On 2023-01-13 18:36:05 +0900, Kyotaro Horiguchi wrote:
> At Tue, 10 Jan 2023 07:45:45 +0000, PG Bug reporting form <noreply(at)postgresql(dot)org> wrote in
> > #2 0x0000000000b378e9 in ExceptionalCondition (
> > conditionName=0xd13697 "TransactionIdIsValid(initial)",
> > errorType=0xd12df4 "FailedAssertion", fileName=0xd12de8 "procarray.c",
> >
> > lineNumber=1750) at assert.c:69
> > #3 0x0000000000962195 in ComputeXidHorizons (h=0x7ffe93de25e0)
> > at procarray.c:1750
> > #4 0x00000000009628a3 in GetOldestTransactionIdConsideredRunning ()
> > at procarray.c:2050
> > #5 0x00000000005972bf in CreateRestartPoint (flags=256) at xlog.c:7153
> > #6 0x00000000008cae37 in CheckpointerMain () at checkpointer.c:464
>
> The function requires a valid value in
> ShmemVariableCache->latestCompleteXid. But it is not initialized and
> maintained in this case. The attached quick hack seems working, but
> of course more decent fix is needed.

I might be missing something, but I suspect the problem here is that we
shouldn't have been creating a restart point. Afaict, the setup
instructions provided don't configure a recovery.signal, so we'll just
perform crash recovery.

And I don't think it'd ever make sense to create a restart point during
crash recovery?

Except that in this case, it's not pure crash recovery, it's restoring
from a backup label. Due to which it actually might make sense to create
restart points? If you're doing PITR or such you don't really gain
anything by doing checkpoints until you've reached consistency, unless
you want to optimize for the case that you might need to start/stop the
instance multiple times?

So maybe it's the right thing to create restart points? Really not sure.

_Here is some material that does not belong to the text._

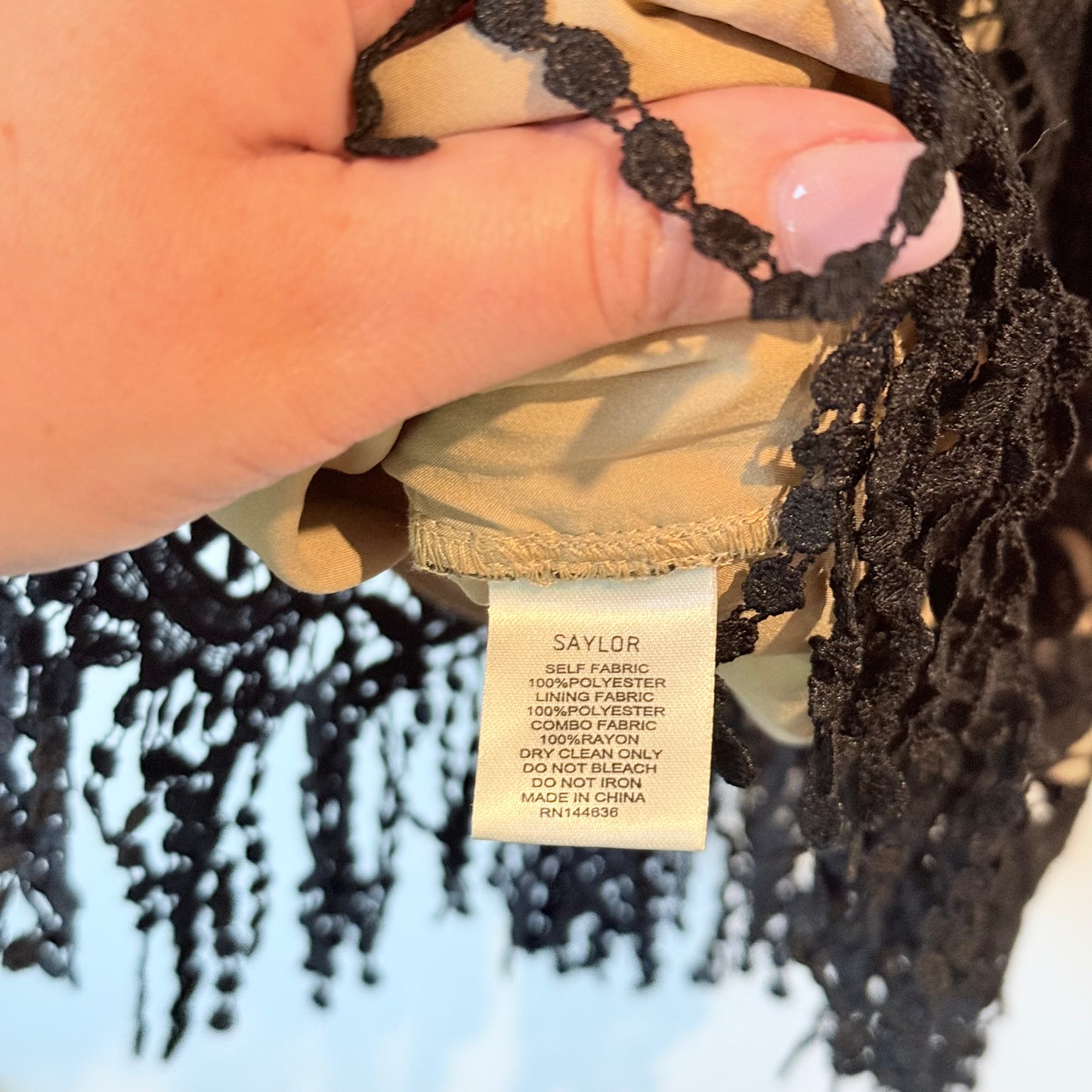 Saylor XS Lace Dress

If we do want to do restartpoints, we definitely shouldn't try to
TruncateSUBTRANS() in the crash-recovery-like-restartpoint case, we've
not even done StartupSUBTRANS(), because that's guarded by
ArchiveRecoveryRequested.

The most obvious (but wrong!), fix would be to change

if (EnableHotStandby)
TruncateSUBTRANS(GetOldestTransactionIdConsideredRunning());
to
if (standbyState != STANDBY_DISABLED)
TruncateSUBTRANS(GetOldestTransactionIdConsideredRunning());
except that doesn't work, because we don't have working access to
standbyState. Nor the other relevant variables. Gah.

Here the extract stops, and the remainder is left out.